La presentación se apoyó en datos de Kantar Monitor, la unidad de insights de consumidores de Kantar.
El primer dato es contundente: Gen Z está entrando en la adultez. El 62% de los jóvenes mayores de 18 años ya se consideran adultos. La cifra es menor que en generaciones anteriores —75% en millennials, 89% en Gen X y 94% en baby boomers—, pero confirma que la generación más joven del mercado ya está asumiendo responsabilidades económicas.
Hoy, el 41% trabaja de forma full o part time, el 43% tiene responsabilidad directa o compartida sobre las finanzas del hogar, e incluso el 18% ya es padre o madre.
Sin embargo, esta entrada a la adultez ocurre en un contexto económico más complejo que el que enfrentaron generaciones anteriores.

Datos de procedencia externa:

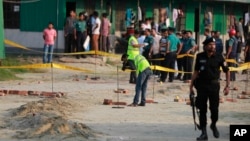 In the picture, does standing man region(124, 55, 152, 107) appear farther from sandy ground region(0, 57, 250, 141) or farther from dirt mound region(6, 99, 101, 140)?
dirt mound region(6, 99, 101, 140)

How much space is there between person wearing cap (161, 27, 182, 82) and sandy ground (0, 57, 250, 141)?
490mm

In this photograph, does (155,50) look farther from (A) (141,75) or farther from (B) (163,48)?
(A) (141,75)

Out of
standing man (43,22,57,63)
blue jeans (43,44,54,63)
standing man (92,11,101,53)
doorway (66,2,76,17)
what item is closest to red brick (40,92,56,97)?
blue jeans (43,44,54,63)

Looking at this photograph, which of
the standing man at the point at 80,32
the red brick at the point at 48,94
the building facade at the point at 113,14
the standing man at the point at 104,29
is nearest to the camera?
the red brick at the point at 48,94

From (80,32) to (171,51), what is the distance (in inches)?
253

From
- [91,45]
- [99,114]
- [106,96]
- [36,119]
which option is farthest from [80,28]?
[36,119]

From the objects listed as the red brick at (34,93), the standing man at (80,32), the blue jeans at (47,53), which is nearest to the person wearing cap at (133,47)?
the red brick at (34,93)

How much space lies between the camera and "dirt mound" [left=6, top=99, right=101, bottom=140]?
1445cm

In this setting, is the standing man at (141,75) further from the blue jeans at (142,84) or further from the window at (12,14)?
the window at (12,14)

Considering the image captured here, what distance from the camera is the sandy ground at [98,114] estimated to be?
14695mm

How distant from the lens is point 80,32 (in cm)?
3322

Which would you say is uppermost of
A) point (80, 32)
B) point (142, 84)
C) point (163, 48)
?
point (80, 32)

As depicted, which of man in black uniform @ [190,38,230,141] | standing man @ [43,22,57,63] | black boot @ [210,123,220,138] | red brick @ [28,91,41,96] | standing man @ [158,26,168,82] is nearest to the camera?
man in black uniform @ [190,38,230,141]

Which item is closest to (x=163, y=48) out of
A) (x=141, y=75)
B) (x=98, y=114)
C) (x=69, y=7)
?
(x=141, y=75) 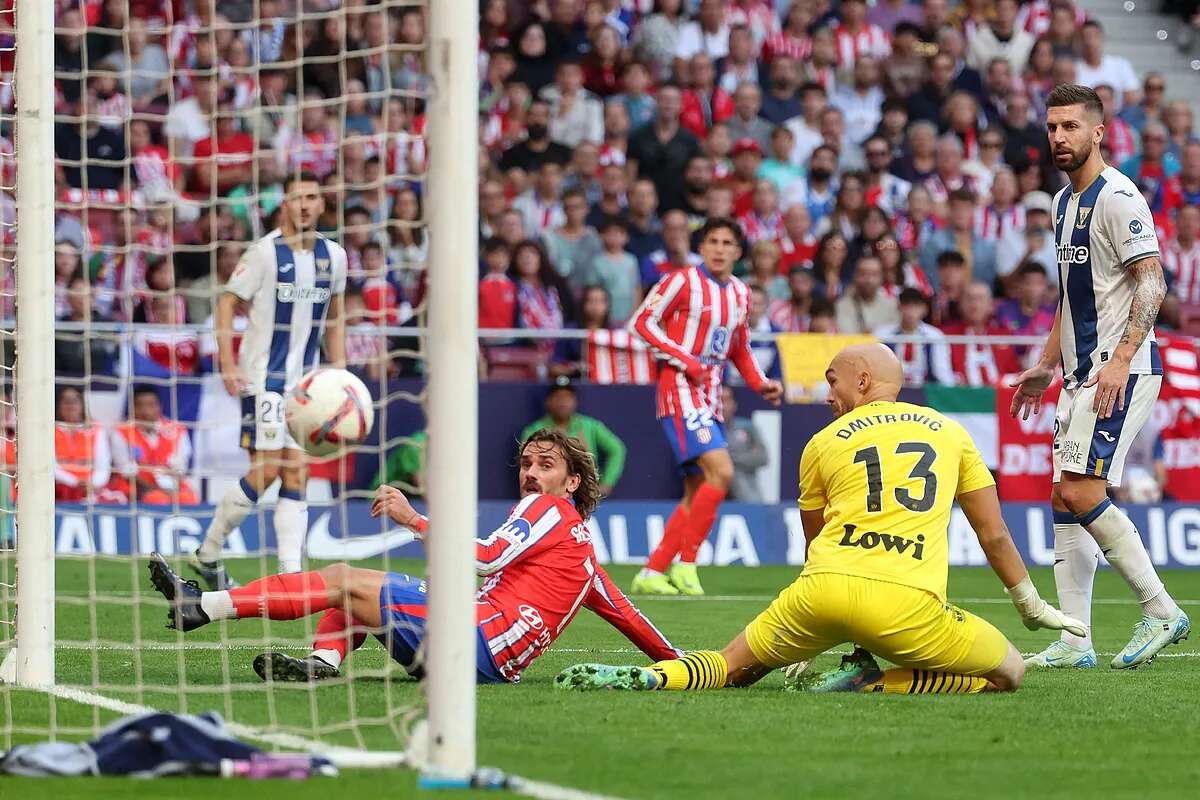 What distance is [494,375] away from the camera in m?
15.8

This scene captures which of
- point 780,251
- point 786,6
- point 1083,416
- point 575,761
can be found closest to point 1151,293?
point 1083,416

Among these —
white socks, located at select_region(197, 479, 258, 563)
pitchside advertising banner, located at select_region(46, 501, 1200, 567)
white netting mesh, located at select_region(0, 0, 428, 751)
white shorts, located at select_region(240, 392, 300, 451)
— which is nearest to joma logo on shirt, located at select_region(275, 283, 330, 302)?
white netting mesh, located at select_region(0, 0, 428, 751)

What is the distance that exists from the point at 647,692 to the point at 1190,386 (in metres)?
10.5

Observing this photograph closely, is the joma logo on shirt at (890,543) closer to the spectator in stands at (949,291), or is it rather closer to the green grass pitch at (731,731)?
the green grass pitch at (731,731)

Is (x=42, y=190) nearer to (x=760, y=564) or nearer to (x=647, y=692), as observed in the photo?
(x=647, y=692)

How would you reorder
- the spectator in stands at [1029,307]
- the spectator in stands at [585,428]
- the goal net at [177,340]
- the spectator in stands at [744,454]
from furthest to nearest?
the spectator in stands at [1029,307] → the spectator in stands at [744,454] → the spectator in stands at [585,428] → the goal net at [177,340]

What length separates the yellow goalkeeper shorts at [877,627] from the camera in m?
6.83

Salarios que crecen más lento que el costo de vida, inflación persistente y gastos estructurales —como la vivienda— cada vez más altos generan una presión mayor sobre los presupuestos de los jóvenes.
En la charla se mencionó un dato ilustrativo: en los años 80 el precio promedio de una casa representaba aproximadamente 3,6 veces el ingreso anual. Hoy esa relación se acerca a cinco veces el ingreso, lo que hace más difícil el acceso a la vivienda.
Frente a este escenario, Gen Z está desarrollando nuevas dinámicas de consumo basadas en la colaboración y el uso compartido de recursos.
Entre los comportamientos más frecuentes aparecen compartir cuentas de streaming, dividir compras en grupo, apoyarse económicamente entre amigos o explorar modelos de vivienda compartida.
Durante la presentación también se mostraron ejemplos de herramientas que responden a esta lógica de consumo colectivo. Uno de ellos fue Fizz, una aplicación vinculada al ecosistema de Instacart que permite organizar compras compartidas para eventos: los invitados pueden agregar productos al mismo carrito y pagar solo lo que eligieron, simplificando la división de gastos.
Este tipo de soluciones forma parte de una tendencia más amplia de apps diseñadas para compartir gastos y coordinar pagos entre grupos. Plataformas como Splitwise, muy utilizada para dividir gastos de viajes o convivencias; Venmo y Cash App, populares en Estados Unidos para transferencias entre amigos; o Revolut, que incorporó funciones para dividir cuentas y organizar gastos compartidos dentro de grupos, reflejan cómo muchas interacciones económicas cotidianas entre jóvenes se organizan de manera colectiva.
Otro rasgo destacado es la transparencia financiera. A diferencia de generaciones anteriores, Gen Z habla con mayor naturalidad sobre dinero: comparte salarios entre colegas, discute inversiones en redes sociales y adopta tendencias como el loud budgeting, que promueve expresar abiertamente prioridades de gasto y ahorro.
Para las marcas, esto implica entender que muchas decisiones de consumo ya no se toman de forma individual, sino dentro de grupos de amigos, comunidades digitales o redes familiares.
En ese contexto, comprender cómo funcionan esas microcomunidades y quién coordina las decisiones dentro de ellas aparece como uno de los desafíos para conectar con esta generación.